Ferraro was born Aug. 26, 1935, the third child of Dominick and Antonetta Ferraro. Her father, an Italian immigrant, operated a nightclub in Newburgh, a small city north of New York City. When Ferraro was 8, her father was arrested and charged with operating an illegal gambling operation. He died of a heart attack the day he was to appear for trial. After his death, the Ferraro family moved to the Bronx, where Antonetta worked in the garment industry to support herself and her children.

Geraldine was an excellent student, skipping from the sixth- to eighth-grade and graduating from high school at 16. While holding down two or three jobs, she attended college on a scholarship and went to law school.

From 1961-74 Ferraro practiced law, had three children and worked as an elementary school teacher in Astoria and later in her husband’s real estate business. She became an assistant district attorney in 1974 and got elected to Congress four years later.

There, she was a women’s and human rights advocate. She worked for passage of the Equal Rights Amendment; sponsored the Women’s Economic Equity Act, ending pension discrimination against women; and sought greater job training and opportunities for displaced homemakers.

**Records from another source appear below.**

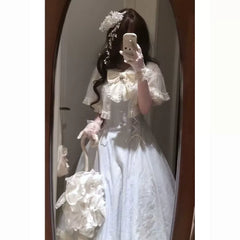 Lace Shawl Floral Dress Set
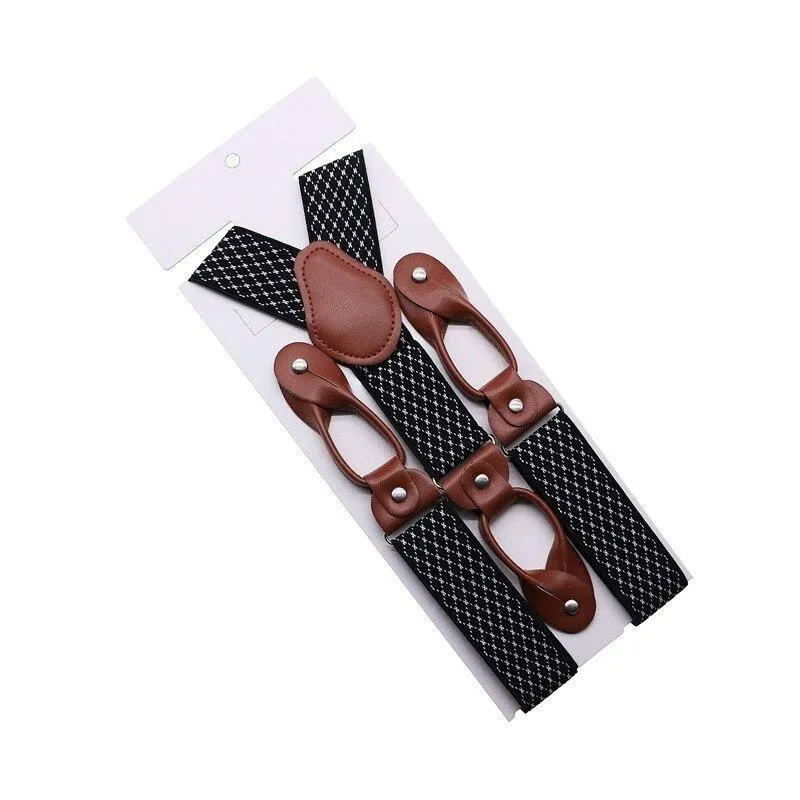 Hugo Brown Leather Button End Tuxedo Suspenders 35mm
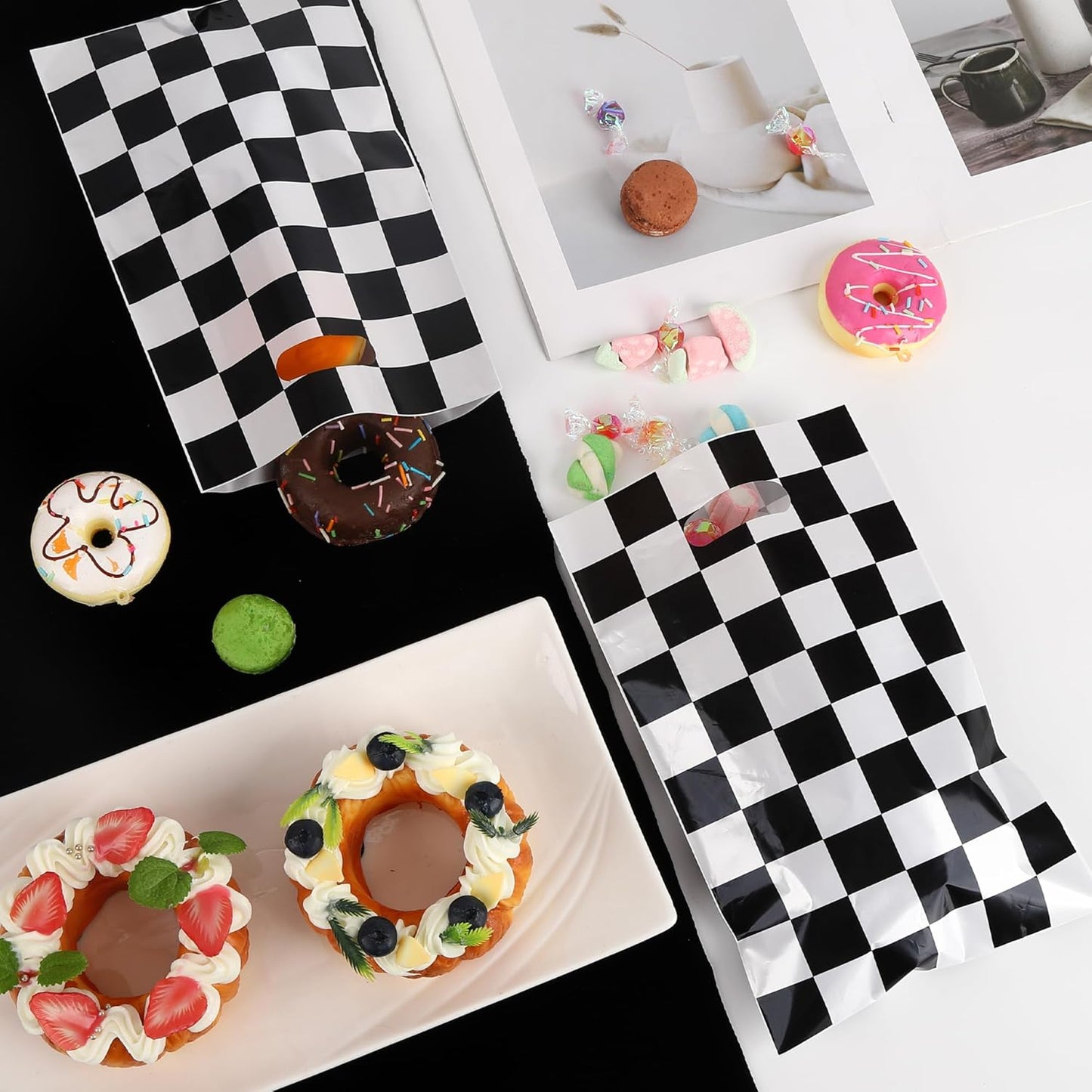 Mikzhskr 30Pcs Race Car Party Favors Bag Goodie bags Racing in Speed Party Decorations Soccer Theme Black and White Checkered Candy Bags with Handles for Kids Race Car Birthday Party Supplies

Presidential candidate Walter Mondale, sensing his lackluster image and plodding campaign against a popular Ronald Reagan, needed glamour and energy. Geraldine seemed the perfect solution. As a vice presidential candidate, it was thought Ferraro would greatly benefit Mondale’s presidential campaign. Democrats hoped Ferraro would help take advantage of the gender gap — that is, the clear difference in voting patterns between men and women.

In her acceptance speech, she spoke of the realization of the American dream: “Tonight, the daughter of an immigrant from Italy has been chosen to run for vice president in the new land my father came to love ….”

Shortly after the convention, however, controversy erupted about her personal finances and the business dealings of her husband. The ensuing scandal doomed the Mondale-Ferraro ticket.

The ticket lost, Ferraro’s candidacy forever reshaped the American political and social landscape. Although she never again won political office — she ran for the U.S. Senate twice — she remained in the public eye, including being appointed to the United Nations Commission on Human Rights. She was inducted into the National Women’s Hall of Fame.

Notable quote: “Some leaders are born women.”